- [What you need to do]: Copy out the whole listing below exactly.

____

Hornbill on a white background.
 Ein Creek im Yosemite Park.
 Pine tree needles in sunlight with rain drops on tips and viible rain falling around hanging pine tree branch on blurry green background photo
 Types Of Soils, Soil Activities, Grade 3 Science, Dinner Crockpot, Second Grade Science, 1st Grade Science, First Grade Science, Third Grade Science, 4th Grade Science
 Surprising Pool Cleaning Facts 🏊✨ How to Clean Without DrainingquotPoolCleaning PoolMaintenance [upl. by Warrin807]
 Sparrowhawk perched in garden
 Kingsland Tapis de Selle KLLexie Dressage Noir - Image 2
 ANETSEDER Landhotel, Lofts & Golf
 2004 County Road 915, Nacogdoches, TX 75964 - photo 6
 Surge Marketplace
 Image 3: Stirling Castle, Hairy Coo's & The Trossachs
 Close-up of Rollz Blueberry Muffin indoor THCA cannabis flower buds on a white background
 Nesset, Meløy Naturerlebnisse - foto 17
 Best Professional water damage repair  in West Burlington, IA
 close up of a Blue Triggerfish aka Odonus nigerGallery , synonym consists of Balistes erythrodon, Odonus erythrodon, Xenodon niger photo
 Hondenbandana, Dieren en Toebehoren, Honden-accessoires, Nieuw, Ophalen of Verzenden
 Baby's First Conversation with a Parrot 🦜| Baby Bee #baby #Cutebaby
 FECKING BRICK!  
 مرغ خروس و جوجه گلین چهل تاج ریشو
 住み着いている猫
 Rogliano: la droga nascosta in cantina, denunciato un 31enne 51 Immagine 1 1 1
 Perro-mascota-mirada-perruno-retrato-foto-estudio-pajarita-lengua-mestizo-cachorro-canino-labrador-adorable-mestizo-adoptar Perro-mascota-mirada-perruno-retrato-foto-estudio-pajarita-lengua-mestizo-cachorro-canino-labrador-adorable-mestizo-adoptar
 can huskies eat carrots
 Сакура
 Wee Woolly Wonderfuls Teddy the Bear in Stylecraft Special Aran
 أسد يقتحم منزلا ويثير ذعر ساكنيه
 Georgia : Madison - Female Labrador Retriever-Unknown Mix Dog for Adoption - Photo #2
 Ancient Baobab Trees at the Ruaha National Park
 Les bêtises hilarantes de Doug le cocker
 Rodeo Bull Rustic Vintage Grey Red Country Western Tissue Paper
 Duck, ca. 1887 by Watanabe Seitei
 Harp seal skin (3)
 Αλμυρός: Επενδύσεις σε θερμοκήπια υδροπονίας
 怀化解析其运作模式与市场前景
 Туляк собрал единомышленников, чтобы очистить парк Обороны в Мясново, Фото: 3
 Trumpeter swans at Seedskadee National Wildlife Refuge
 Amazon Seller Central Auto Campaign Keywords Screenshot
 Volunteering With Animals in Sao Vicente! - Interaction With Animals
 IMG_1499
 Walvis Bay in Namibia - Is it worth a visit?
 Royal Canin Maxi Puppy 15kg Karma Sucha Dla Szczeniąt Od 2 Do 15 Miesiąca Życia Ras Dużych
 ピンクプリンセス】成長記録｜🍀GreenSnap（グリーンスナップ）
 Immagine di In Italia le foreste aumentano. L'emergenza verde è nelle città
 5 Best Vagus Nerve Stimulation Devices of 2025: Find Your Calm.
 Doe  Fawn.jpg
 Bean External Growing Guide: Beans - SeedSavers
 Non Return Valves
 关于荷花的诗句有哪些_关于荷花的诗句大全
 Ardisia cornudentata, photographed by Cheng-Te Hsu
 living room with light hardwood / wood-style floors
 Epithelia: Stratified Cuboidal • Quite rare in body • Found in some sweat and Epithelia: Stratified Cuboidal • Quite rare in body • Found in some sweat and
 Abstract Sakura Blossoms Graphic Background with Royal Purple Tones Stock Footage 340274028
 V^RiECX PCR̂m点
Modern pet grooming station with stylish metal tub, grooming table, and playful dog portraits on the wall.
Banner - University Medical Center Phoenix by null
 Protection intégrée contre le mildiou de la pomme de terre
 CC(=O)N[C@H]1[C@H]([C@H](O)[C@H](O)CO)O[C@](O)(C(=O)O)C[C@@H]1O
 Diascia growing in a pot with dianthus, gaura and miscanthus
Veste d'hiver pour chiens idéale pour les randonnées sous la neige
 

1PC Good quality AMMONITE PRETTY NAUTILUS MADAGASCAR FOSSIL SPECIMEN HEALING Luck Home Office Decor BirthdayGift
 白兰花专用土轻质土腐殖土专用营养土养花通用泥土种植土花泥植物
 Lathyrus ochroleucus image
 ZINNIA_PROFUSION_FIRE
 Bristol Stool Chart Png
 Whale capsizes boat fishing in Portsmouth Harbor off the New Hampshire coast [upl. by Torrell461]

____

- [Reply]:
Hornbill on a white background.
 Ein Creek im Yosemite Park.
 Pine tree needles in sunlight with rain drops on tips and viible rain falling around hanging pine tree branch on blurry green background photo
 Types Of Soils, Soil Activities, Grade 3 Science, Dinner Crockpot, Second Grade Science, 1st Grade Science, First Grade Science, Third Grade Science, 4th Grade Science
 Surprising Pool Cleaning Facts 🏊✨ How to Clean Without DrainingquotPoolCleaning PoolMaintenance [upl. by Warrin807]
 Sparrowhawk perched in garden
 Kingsland Tapis de Selle KLLexie Dressage Noir - Image 2
 ANETSEDER Landhotel, Lofts & Golf
 2004 County Road 915, Nacogdoches, TX 75964 - photo 6
 Surge Marketplace
 Image 3: Stirling Castle, Hairy Coo's & The Trossachs
 Close-up of Rollz Blueberry Muffin indoor THCA cannabis flower buds on a white background
 Nesset, Meløy Naturerlebnisse - foto 17
 Best Professional water damage repair  in West Burlington, IA
 close up of a Blue Triggerfish aka Odonus nigerGallery , synonym consists of Balistes erythrodon, Odonus erythrodon, Xenodon niger photo
 Hondenbandana, Dieren en Toebehoren, Honden-accessoires, Nieuw, Ophalen of Verzenden
 Baby's First Conversation with a Parrot 🦜| Baby Bee #baby #Cutebaby
 FECKING BRICK!  
 مرغ خروس و جوجه گلین چهل تاج ریشو
 住み着いている猫
 Rogliano: la droga nascosta in cantina, denunciato un 31enne 51 Immagine 1 1 1
 Perro-mascota-mirada-perruno-retrato-foto-estudio-pajarita-lengua-mestizo-cachorro-canino-labrador-adorable-mestizo-adoptar Perro-mascota-mirada-perruno-retrato-foto-estudio-pajarita-lengua-mestizo-cachorro-canino-labrador-adorable-mestizo-adoptar
 can huskies eat carrots
 Сакура
 Wee Woolly Wonderfuls Teddy the Bear in Stylecraft Special Aran
 أسد يقتحم منزلا ويثير ذعر ساكنيه
 Georgia : Madison - Female Labrador Retriever-Unknown Mix Dog for Adoption - Photo #2
 Ancient Baobab Trees at the Ruaha National Park
 Les bêtises hilarantes de Doug le cocker
 Rodeo Bull Rustic Vintage Grey Red Country Western Tissue Paper
 Duck, ca. 1887 by Watanabe Seitei
 Harp seal skin (3)
 Αλμυρός: Επενδύσεις σε θερμοκήπια υδροπονίας
 怀化解析其运作模式与市场前景
 Туляк собрал единомышленников, чтобы очистить парк Обороны в Мясново, Фото: 3
 Trumpeter swans at Seedskadee National Wildlife Refuge
 Amazon Seller Central Auto Campaign Keywords Screenshot
 Volunteering With Animals in Sao Vicente! - Interaction With Animals
 IMG_1499
 Walvis Bay in Namibia - Is it worth a visit?
 Royal Canin Maxi Puppy 15kg Karma Sucha Dla Szczeniąt Od 2 Do 15 Miesiąca Życia Ras Dużych
 ピンクプリンセス】成長記録｜🍀GreenSnap（グリーンスナップ）
 Immagine di In Italia le foreste aumentano. L'emergenza verde è nelle città
 5 Best Vagus Nerve Stimulation Devices of 2025: Find Your Calm.
 Doe  Fawn.jpg
 Bean External Growing Guide: Beans - SeedSavers
 Non Return Valves
 关于荷花的诗句有哪些_关于荷花的诗句大全
 Ardisia cornudentata, photographed by Cheng-Te Hsu
 living room with light hardwood / wood-style floors
 Epithelia: Stratified Cuboidal • Quite rare in body • Found in some sweat and Epithelia: Stratified Cuboidal • Quite rare in body • Found in some sweat and
 Abstract Sakura Blossoms Graphic Background with Royal Purple Tones Stock Footage 340274028
 V^RiECX PCR̂m点
Modern pet grooming station with stylish metal tub, grooming table, and playful dog portraits on the wall.
Banner - University Medical Center Phoenix by null
 Protection intégrée contre le mildiou de la pomme de terre
 CC(=O)N[C@H]1[C@H]([C@H](O)[C@H](O)CO)O[C@](O)(C(=O)O)C[C@@H]1O
 Diascia growing in a pot with dianthus, gaura and miscanthus
Veste d'hiver pour chiens idéale pour les randonnées sous la neige
 

1PC Good quality AMMONITE PRETTY NAUTILUS MADAGASCAR FOSSIL SPECIMEN HEALING Luck Home Office Decor BirthdayGift
 白兰花专用土轻质土腐殖土专用营养土养花通用泥土种植土花泥植物
 Lathyrus ochroleucus image
 ZINNIA_PROFUSION_FIRE
 Bristol Stool Chart Png
 Whale capsizes boat fishing in Portsmouth Harbor off the New Hampshire coast [upl. by Torrell461]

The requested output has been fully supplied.